# Brief
The reply should hold only the lines from the one with "Nordlux Aslak 3-spotlamp, zwart, GU10" to the one with "10 SETS FOR", both ends kept, exactly as they appear below, without any pictures.

# Provided material
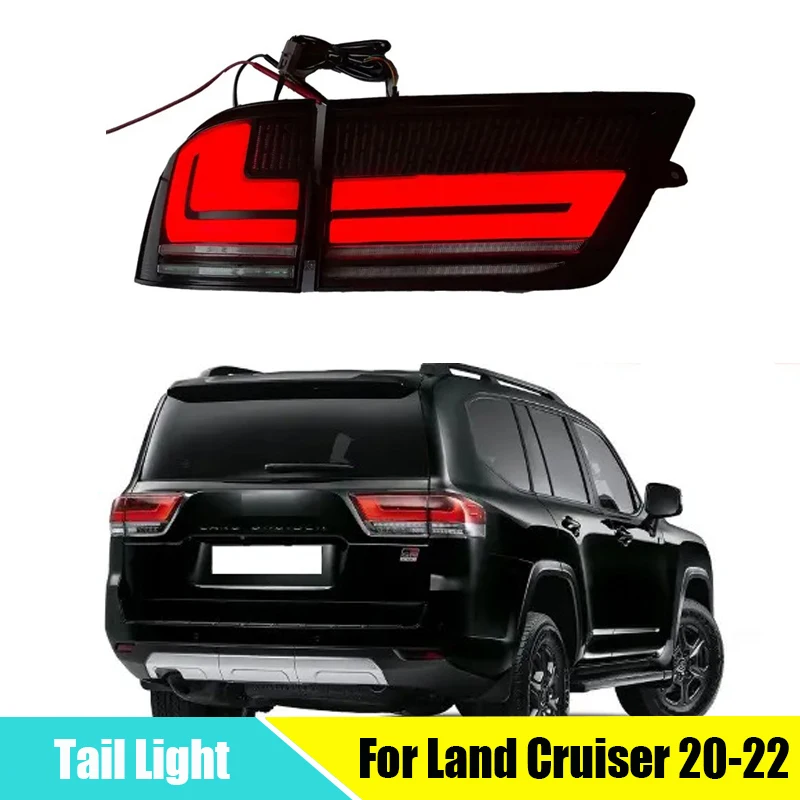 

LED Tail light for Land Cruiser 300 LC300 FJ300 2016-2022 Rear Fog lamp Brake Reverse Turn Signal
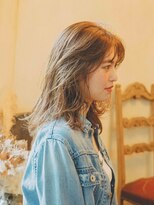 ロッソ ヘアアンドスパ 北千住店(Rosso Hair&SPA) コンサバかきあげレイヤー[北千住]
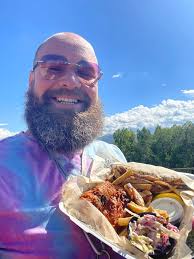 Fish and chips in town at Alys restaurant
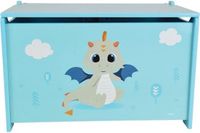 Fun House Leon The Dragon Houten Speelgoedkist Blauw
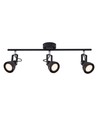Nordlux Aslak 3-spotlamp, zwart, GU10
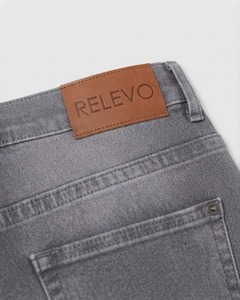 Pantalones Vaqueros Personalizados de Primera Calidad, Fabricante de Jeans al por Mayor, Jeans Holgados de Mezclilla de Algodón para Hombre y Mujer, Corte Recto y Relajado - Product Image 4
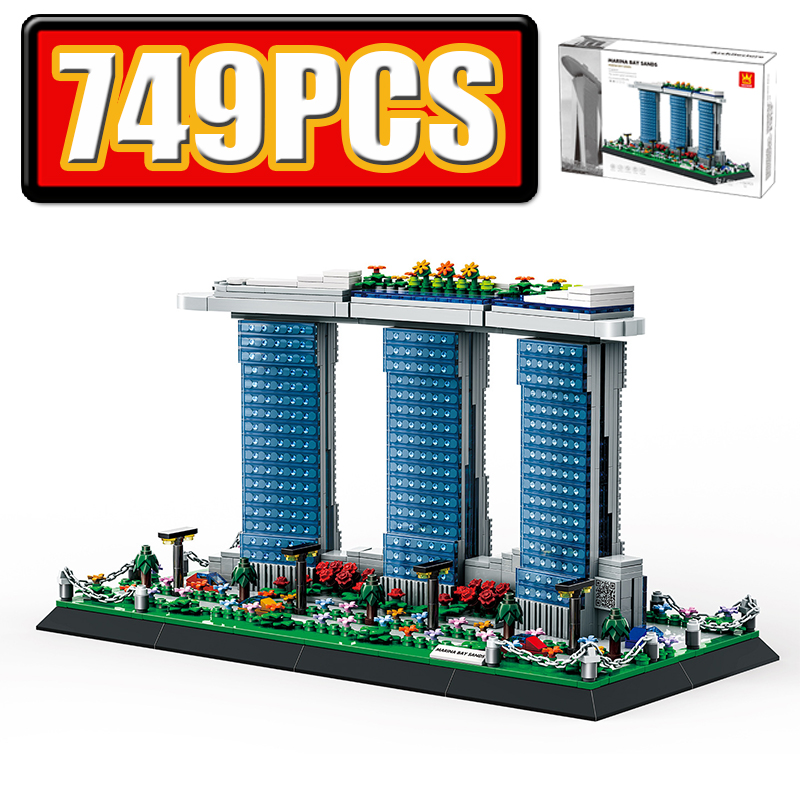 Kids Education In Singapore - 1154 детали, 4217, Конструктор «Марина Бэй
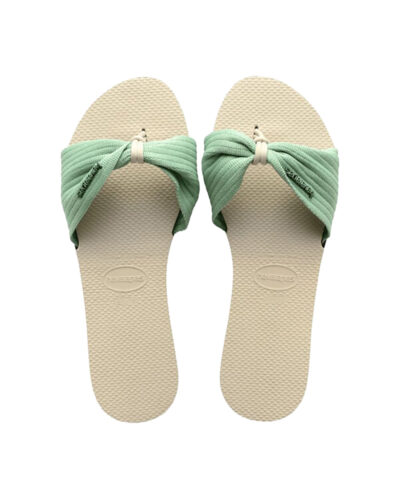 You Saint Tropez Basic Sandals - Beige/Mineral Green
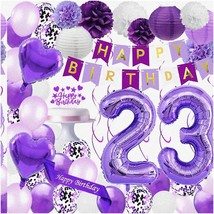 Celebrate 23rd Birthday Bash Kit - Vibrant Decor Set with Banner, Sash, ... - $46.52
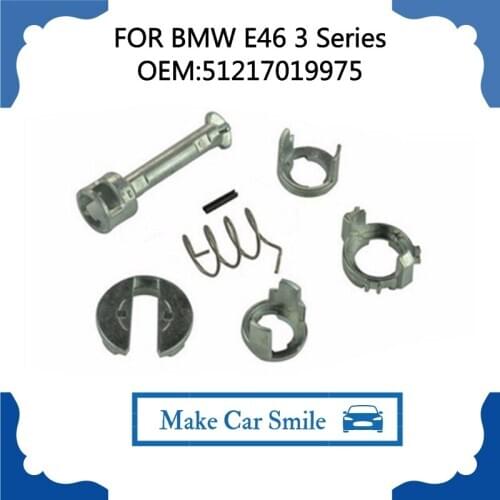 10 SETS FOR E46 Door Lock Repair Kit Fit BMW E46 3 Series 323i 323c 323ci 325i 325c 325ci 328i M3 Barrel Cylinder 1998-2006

==

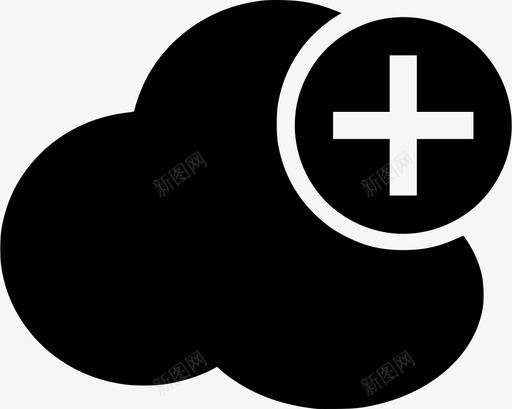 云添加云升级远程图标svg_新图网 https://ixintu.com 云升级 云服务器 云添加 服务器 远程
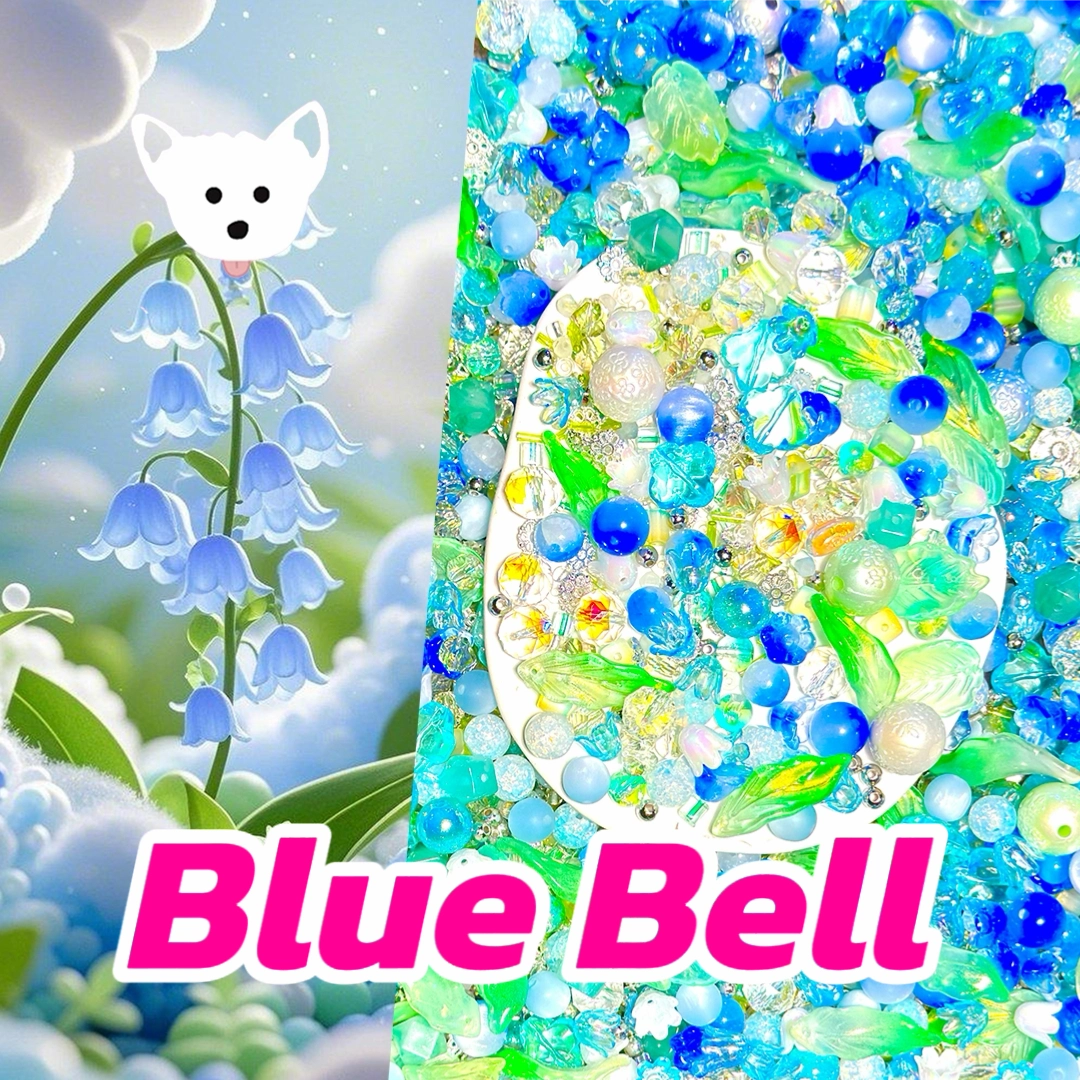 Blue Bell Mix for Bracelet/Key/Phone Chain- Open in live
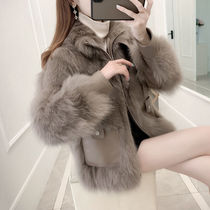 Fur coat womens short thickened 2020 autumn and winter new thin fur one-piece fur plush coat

# Reply to the exercise
Nordlux Aslak 3-spotlamp, zwart, GU10
 Pantalones Vaqueros Personalizados de Primera Calidad, Fabricante de Jeans al por Mayor, Jeans Holgados de Mezclilla de Algodón para Hombre y Mujer, Corte Recto y Relajado - Product Image 4
 Kids Education In Singapore - 1154 детали, 4217, Конструктор «Марина Бэй
 You Saint Tropez Basic Sandals - Beige/Mineral Green
 Celebrate 23rd Birthday Bash Kit - Vibrant Decor Set with Banner, Sash, ... - $46.52
 10 SETS FOR E46 Door Lock Repair Kit Fit BMW E46 3 Series 323i 323c 323ci 325i 325c 325ci 328i M3 Barrel Cylinder 1998-2006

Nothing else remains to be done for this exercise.